DATA SEGMENT Start Marker

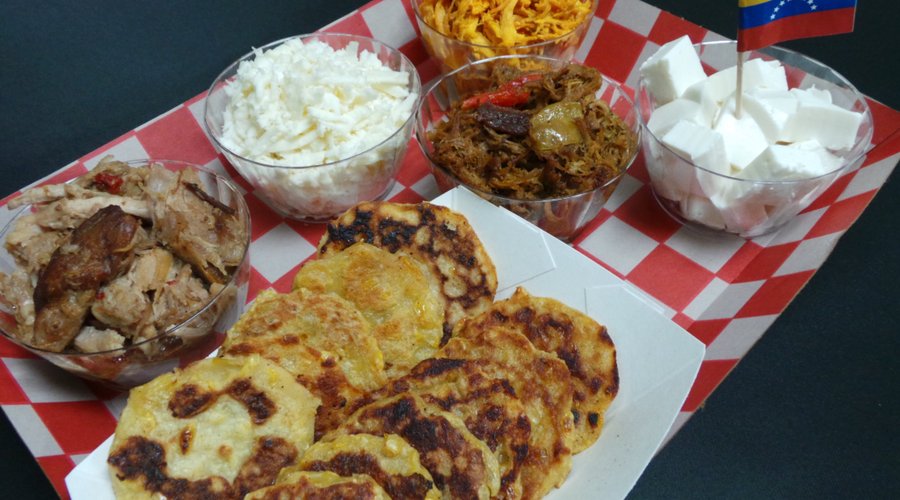 Combo #3: 10 mini cachapitas mas 5 toppings ( carne, pernil, pollo, queso blanco, y queso de mano.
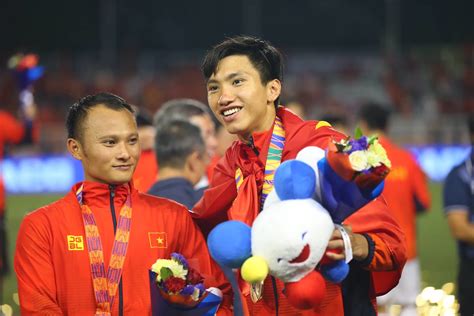 Tiền vệ u.22 việt nam văn công: Truyền thông quốc tế: U22 Việt Nam đỉnh nhất SEA Games 30 ...
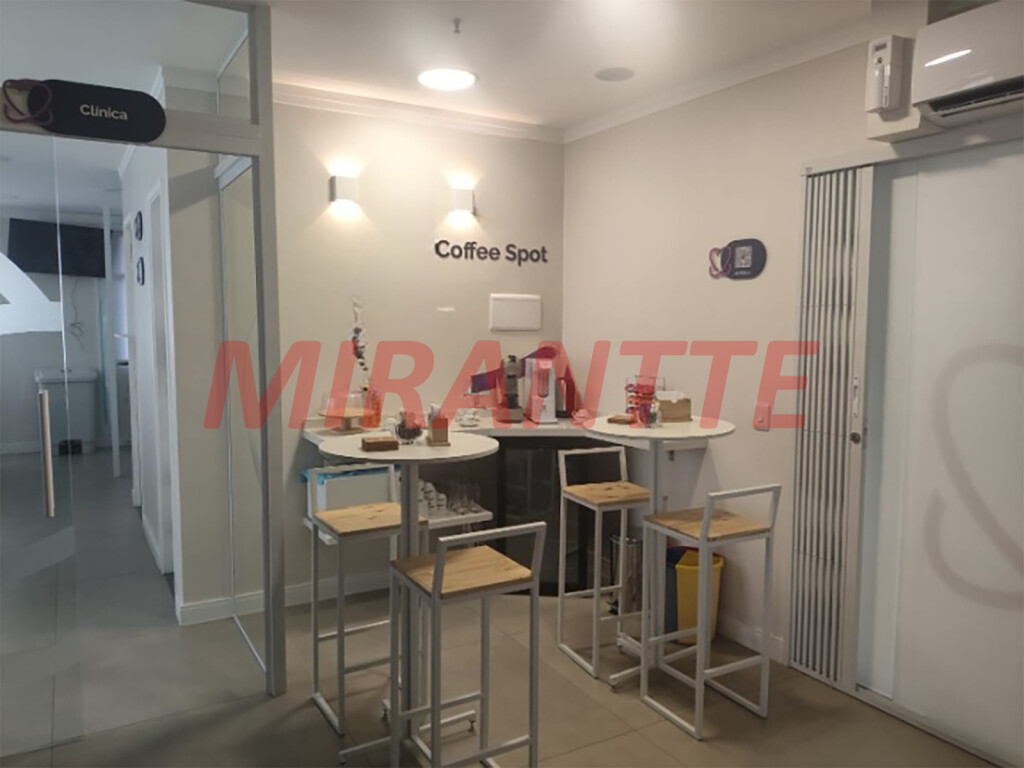 Comercial de 125m² em Macedo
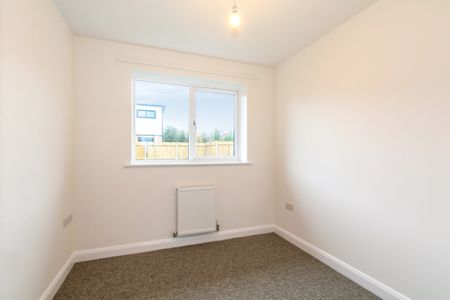 3 bedroom house to rent Wharfdale Road, Bournemouth, BH4 - Photo 4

DATA SEGMENT End Marker

◆ THE PROBLEM: When you write out the material again, keep every word exact and omit the pictures.

◆ TASK RESULT:
 Combo #3: 10 mini cachapitas mas 5 toppings ( carne, pernil, pollo, queso blanco, y queso de mano.
 Tiền vệ u.22 việt nam văn công: Truyền thông quốc tế: U22 Việt Nam đỉnh nhất SEA Games 30 ...
 Comercial de 125m² em Macedo
 3 bedroom house to rent Wharfdale Road, Bournemouth, BH4 - Photo 4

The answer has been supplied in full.